Short text fragments from websites:
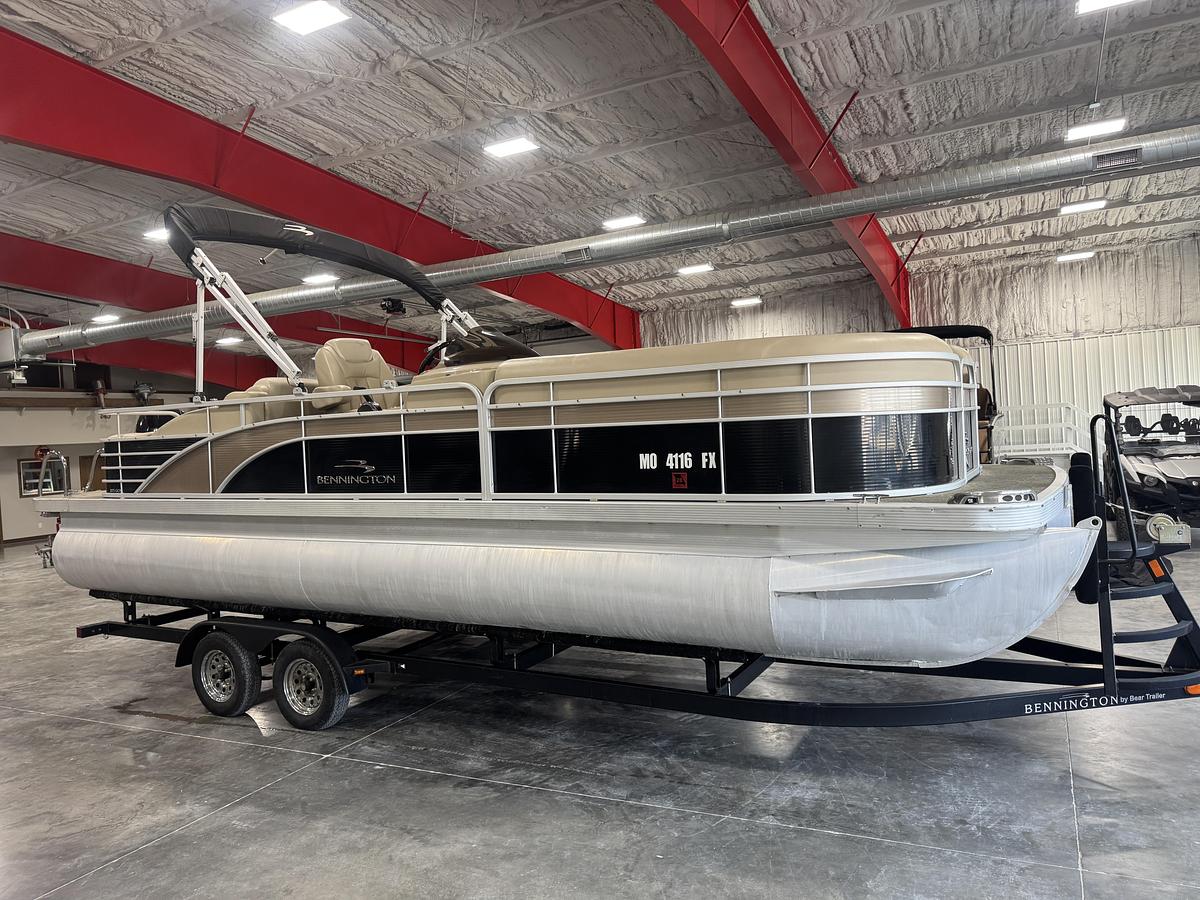 Used 2013 Bennington 2375 GCW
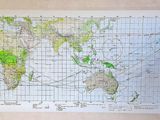 une carte du monde accrochée au mur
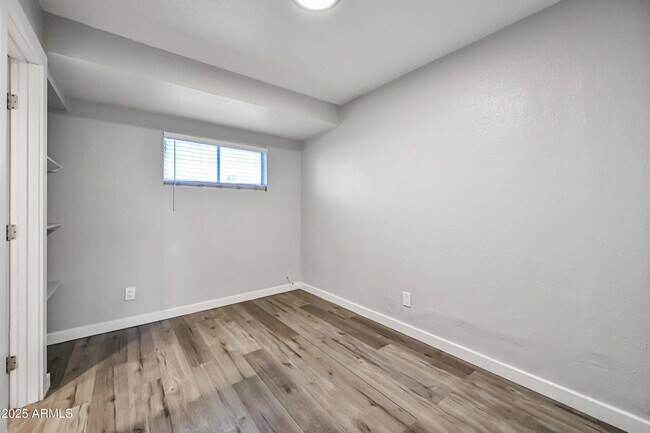 Building Photo - 3025 N 32nd St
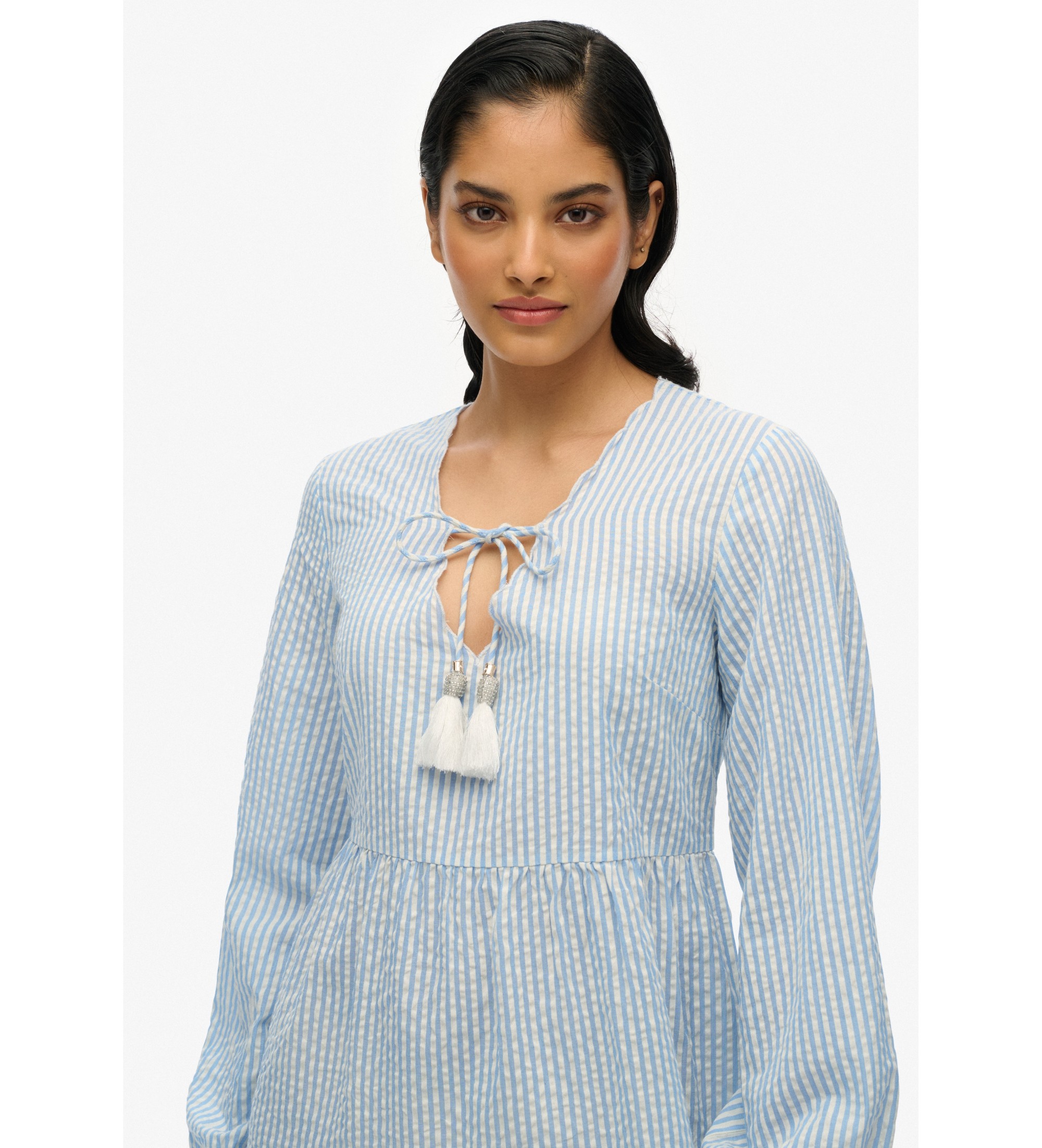Superdry für Damen. W8011914A Gestuftes Minikleid mit blauer Stickerei (XS), Lässig, Baumwolle, Langarm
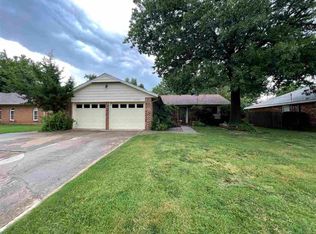 2119 Oriole St, Ponca City, OK 74601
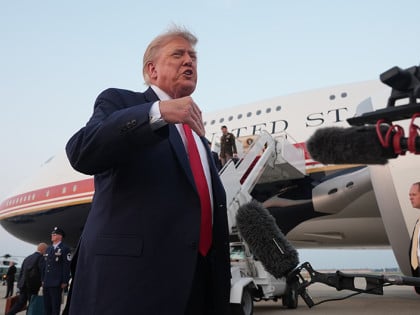 Трамп увео царине од 50 одсто на робу из Канаде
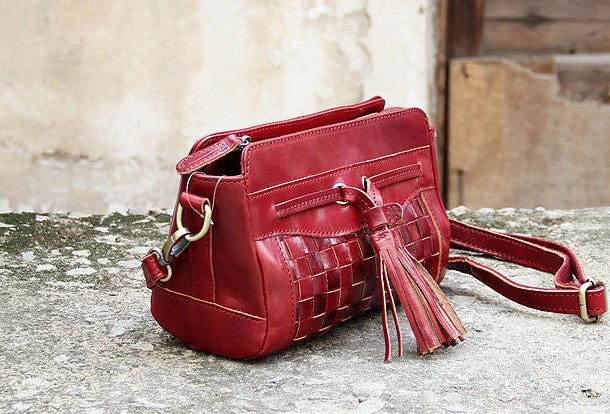 Handmade vintage rustic leather tassels crossbody Shoulder Bag for girl women lady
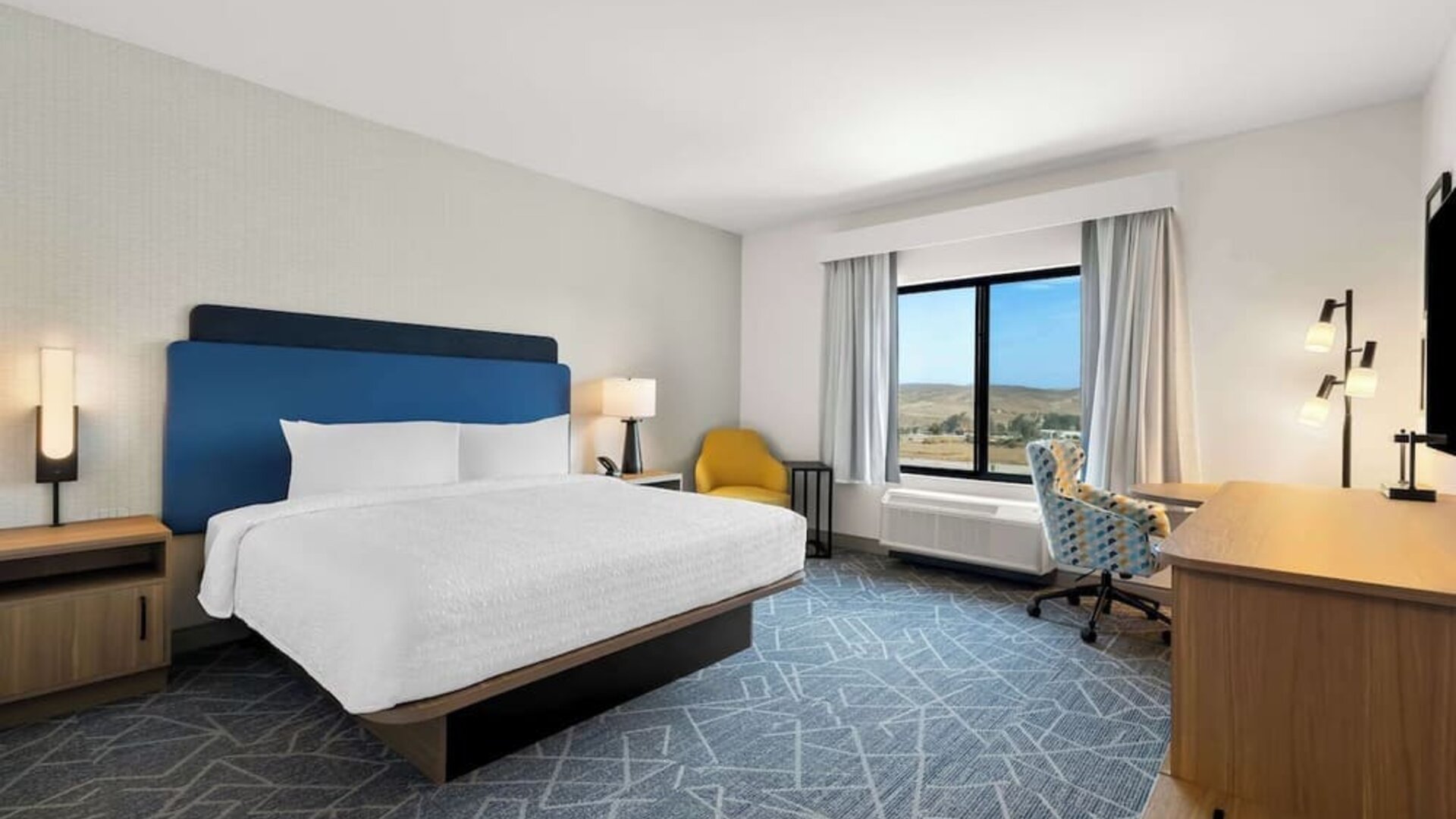 Romantic king room at Hampton Inn & Suites Corona, CA.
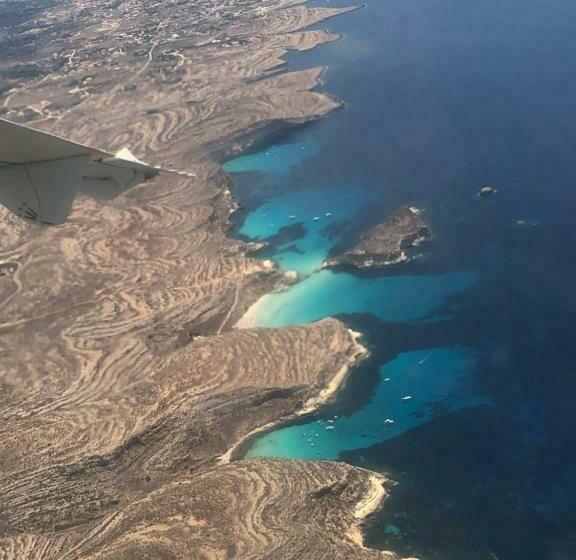 标准间, I Dammusi Del Blu Green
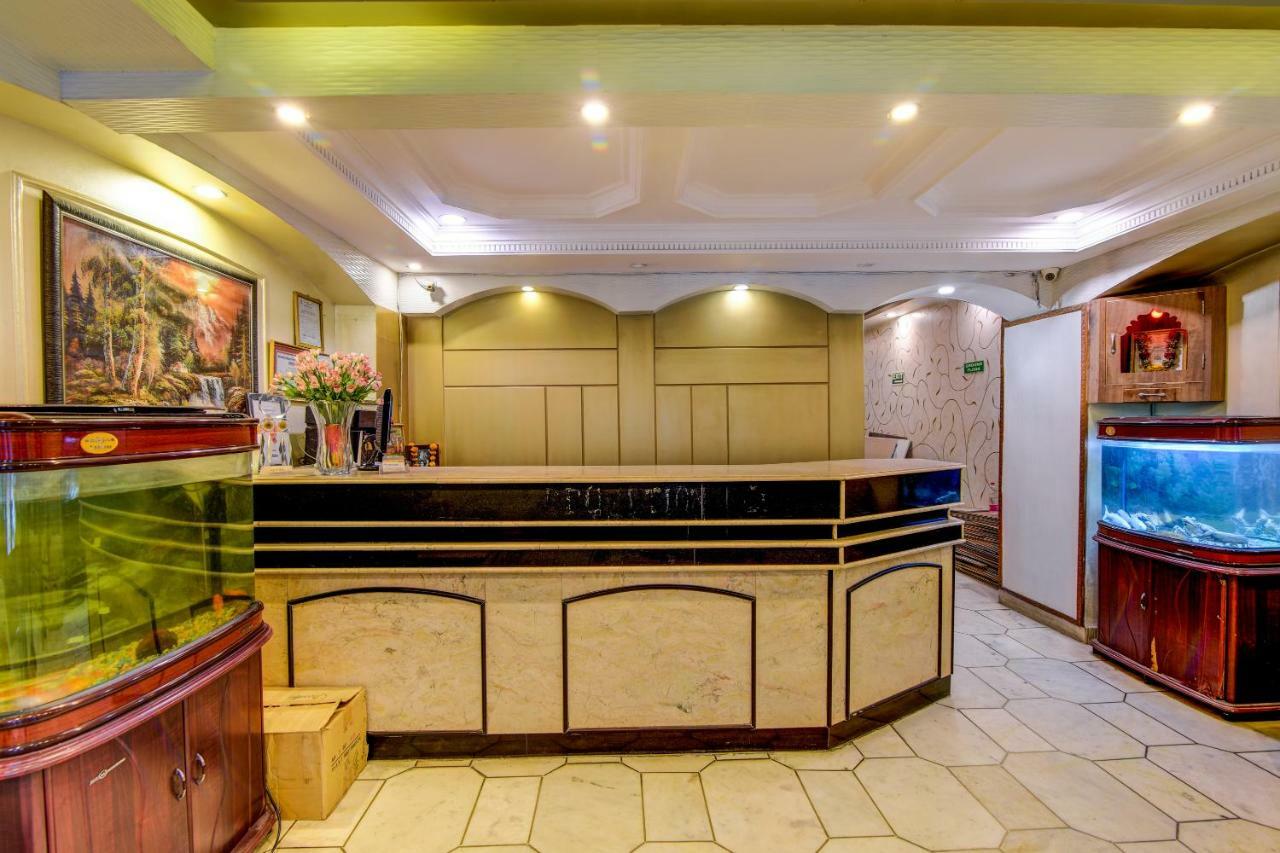 Rahul Palace By Golden Tree Near Metro Station And Ajmal Khan Market New Delhi Exteriör bild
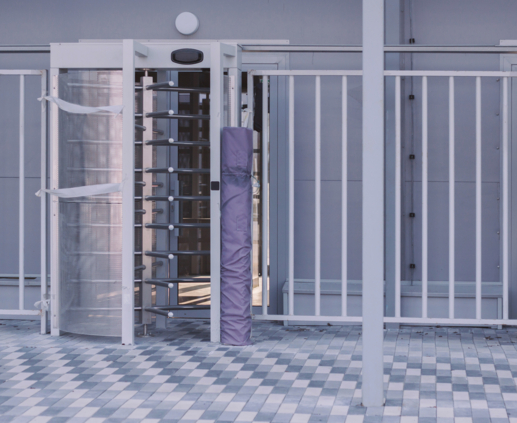 Lightronics armatuur bij een gevangenis entree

* Work instructions *
Set every record down exactly, omitting pictures.

* Result below *
 Used 2013 Bennington 2375 GCW
 une carte du monde accrochée au mur
 Building Photo - 3025 N 32nd St
Superdry für Damen. W8011914A Gestuftes Minikleid mit blauer Stickerei (XS), Lässig, Baumwolle, Langarm
 2119 Oriole St, Ponca City, OK 74601
 Трамп увео царине од 50 одсто на робу из Канаде
 Handmade vintage rustic leather tassels crossbody Shoulder Bag for girl women lady
 Romantic king room at Hampton Inn & Suites Corona, CA.
 标准间, I Dammusi Del Blu Green
 Rahul Palace By Golden Tree Near Metro Station And Ajmal Khan Market New Delhi Exteriör bild
 Lightronics armatuur bij een gevangenis entree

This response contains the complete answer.